Some years back, long before Jay Leno was the host of The Tonight Show but while he was a very popular touring comedian who could sell out theaters, my wife and I went to one of his shows in Dallas, Texas.
Before his show, Jay Leno liked me.
After his show, Jay Leno hated me.
At the time I was the Editor of a national concert touring industry magazine called PERFORMANCE and as such would get free tickets to all of the shows that came through town, whether it was music concerts by bands like Bon Jovi and The Ramones or comedy shows by comedians like George Carlin and Rodney Dangerfield.
One call to Leno’s management office and his publicist was more than happy to arrange for two comp tickets to be waiting for me at Will Call. Our seats were front and center.
Jay hit the stage promptly at 8 pm and for the next two hours he absolutely killed.
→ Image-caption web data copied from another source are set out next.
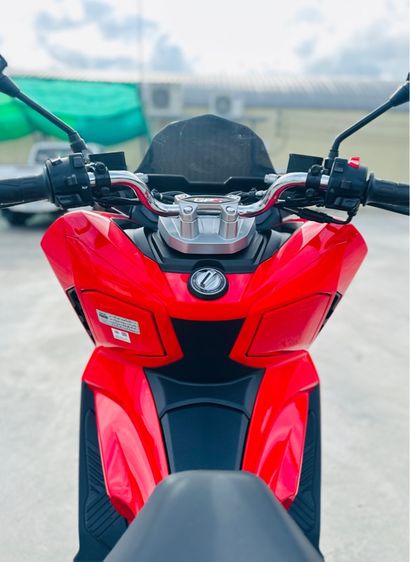 ปี2025 GPX DZ3 top รับแลกเทิน เล่มชุดโอนครบ รูปที่ 5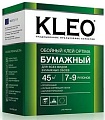 Клей для обоев Kleo Optima Бумажный (160 г)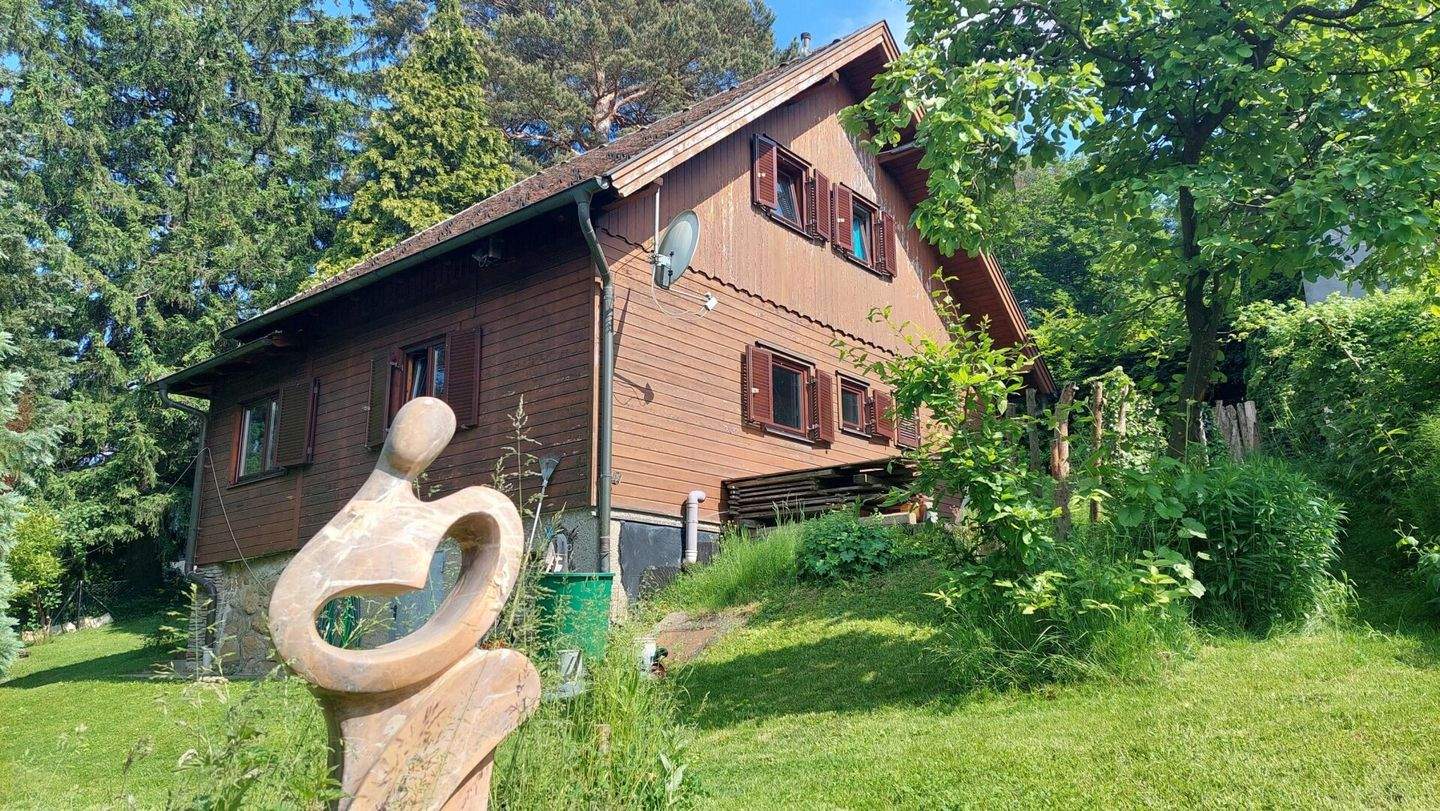 Casa de 3 habitaciónes en Eichgraben, Austria No. 256854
There are some people who are not Leno fans and think he is too corny and not edgy enough. I prefer comedians who are more sarcastic and who don’t mind dropping the f-bomb during their set, but I also appreciate watching a master at work, and there is no doubt that Leno is a master at what he does.
The crowd laughed from his first joke to his last, and by the end of the show everyone was winded and out of breath.
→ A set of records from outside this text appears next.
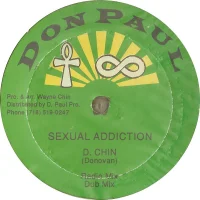 Sexual Addiction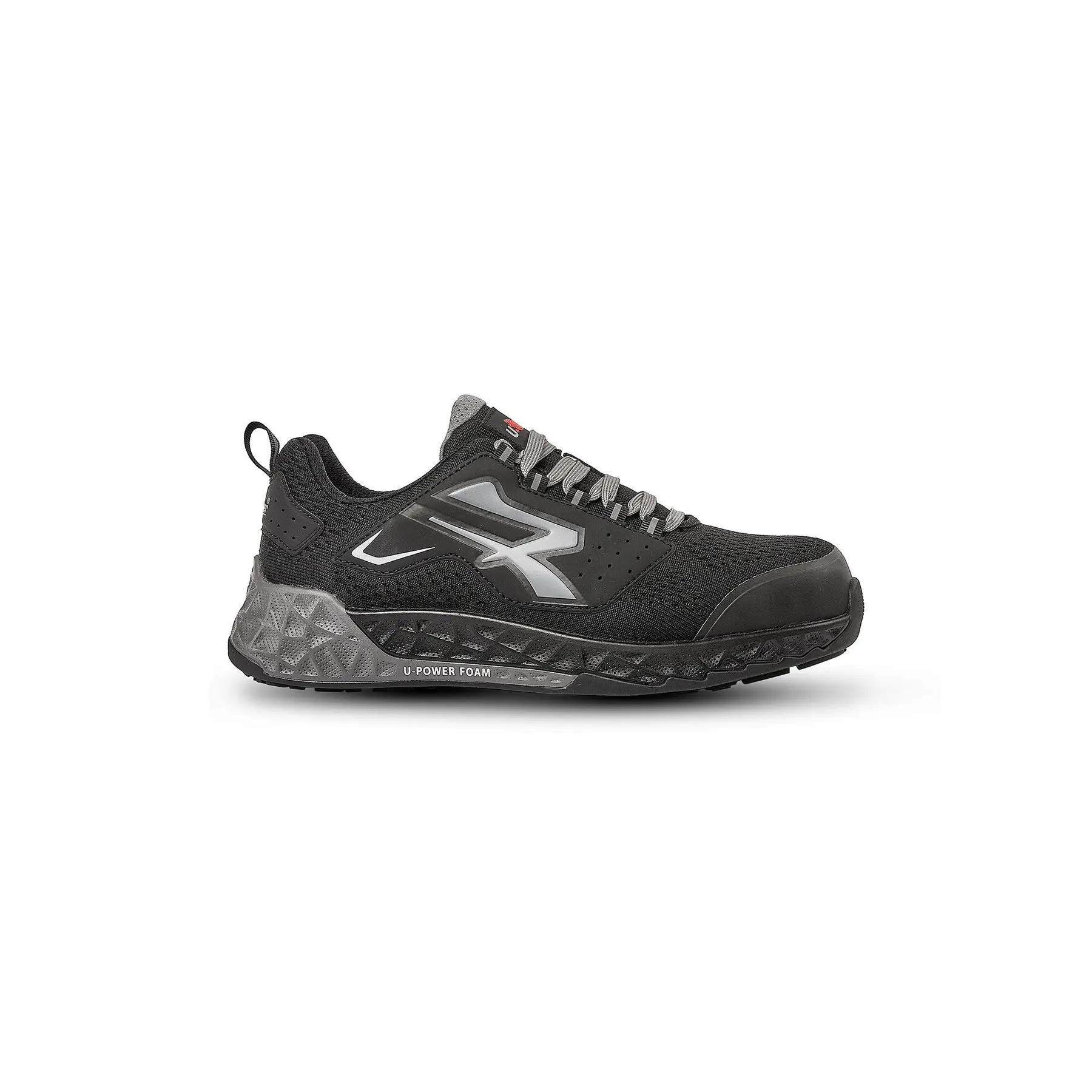 Veiligheidsschoeisel U-Power Euron ESD S1PS HI HRO FO SR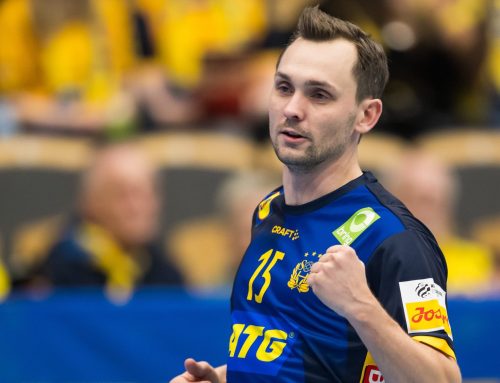 Klart: Sverige VM-laddar med dubbla landskamper mot Österrike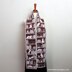 Cozy Cat Shelf Scarf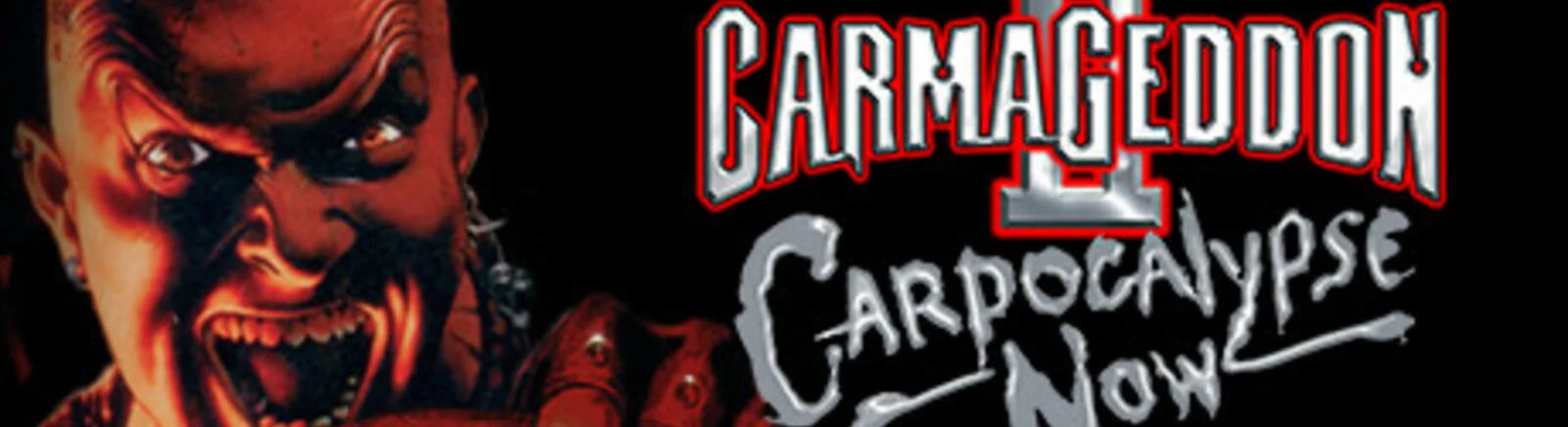 Carmageddon 2: Carpocalypse Now - последние новости сегодня (август 2025) - взлом защиты, системные требования, новости обновлений, где скачать игру, трейлер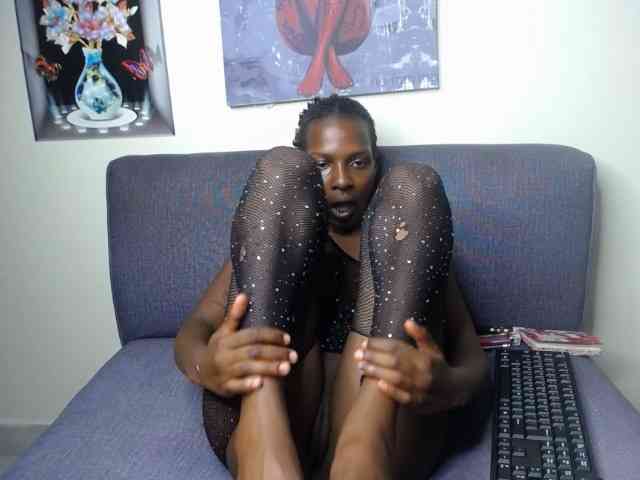 CumCoco webcam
Jay signed off with one last joke and as he soaked in the audience applause, he looked right at me in the front row, pointed his finger at me, winked and then with his thumb pointed over his shoulder to the backstage area. Apparently his management had told him a journalist would be at the show and so, in front of an audience of over 1,000 people, he was personally inviting me and my wife to come backstage to meet him in person. My wife smiled at me, suitably impressed.
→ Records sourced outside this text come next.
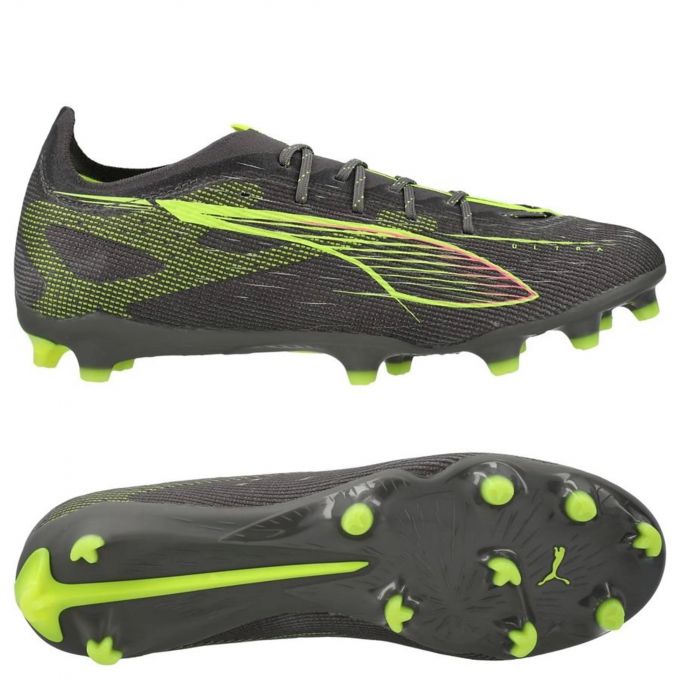 Puma Ultra 5 Pro FG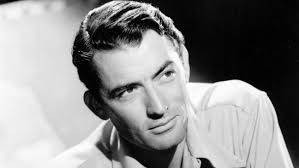 Gregory Peck, He was one of the most popular film stars from the 1940s to the 1960s. Peck received five nominations for Academy Award for Best Actor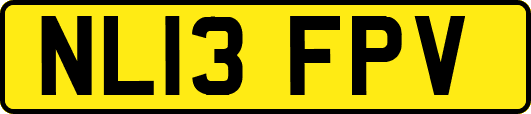 NL13FPV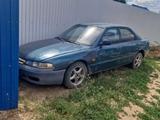 Mazda 626 1992 года за 250 000 тг. в Актобе – фото 3
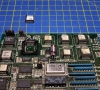 Upgrading Commodore A3640 CPU Card (part one)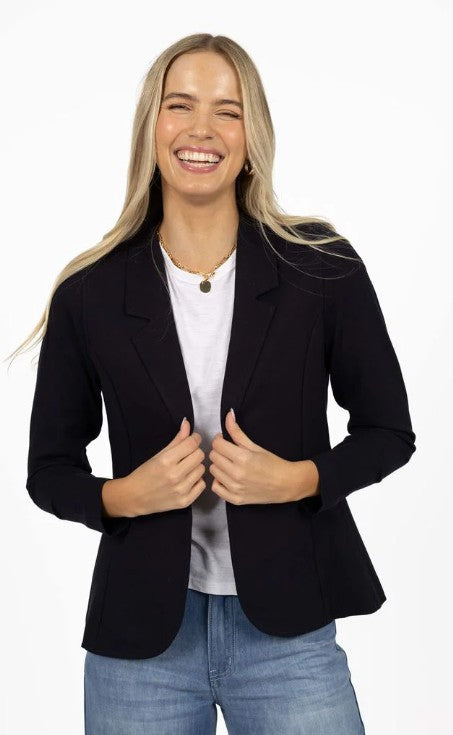 Humidity Roca Jacket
We made our way backstage and a security person escorted us to Jay’s dressing room. Jay and I shook hands, he thanked me for coming to the show, and we even snapped a photo; that’s me on the right and the show promoter in the middle.
Next, of course, Jay asked the obvious question.
“So, did you like the show?” asked Jay.
Now, most headlining comedians do shows that are only 45 minutes, maybe an hour. It’s tough to come up with just an hour’s worth of material that will keep an audience’s attention. But Jay had done two hours of material. It was great from start to finish, and it was an incredible accomplishment for a comedian to be on stage that long. I was very impressed, and I told him so.
But apparently it didn’t come out right.
What I said was, “Man, that was a long show.”
Jay looked taken aback. There was an uncomfortable silence.
Very defensively, Jay said, “Well, the audience seemed to like it.”
And then he turned around and walked away.
My wife looked at me. She was no longer suitably impressed.
There have been many times in my life where I have said something that was meant to mean “A” but the person who I was speaking to interpreted it as “B.” I can’t be the only one who has had the words, “what I meant was,” roll off their tongue.
I think men, particularly husbands and boyfriends, are more familiar with this phenomenon than others. Having your significant other respond to your last statement with the words, “What did you just say,” is a clear indication that while you might have said “A” someone most definitely heard “B.”
I spent the entire drive home from the comedy show trying to explain to my wife that Jay had misinterpreted what I had said. She just kept shaking her head.
Since then, whenever we see Jay Leno on TV I will turn to my wife and say, “You know, Jay Leno hates me.”
And my wife will answer, “As he should.”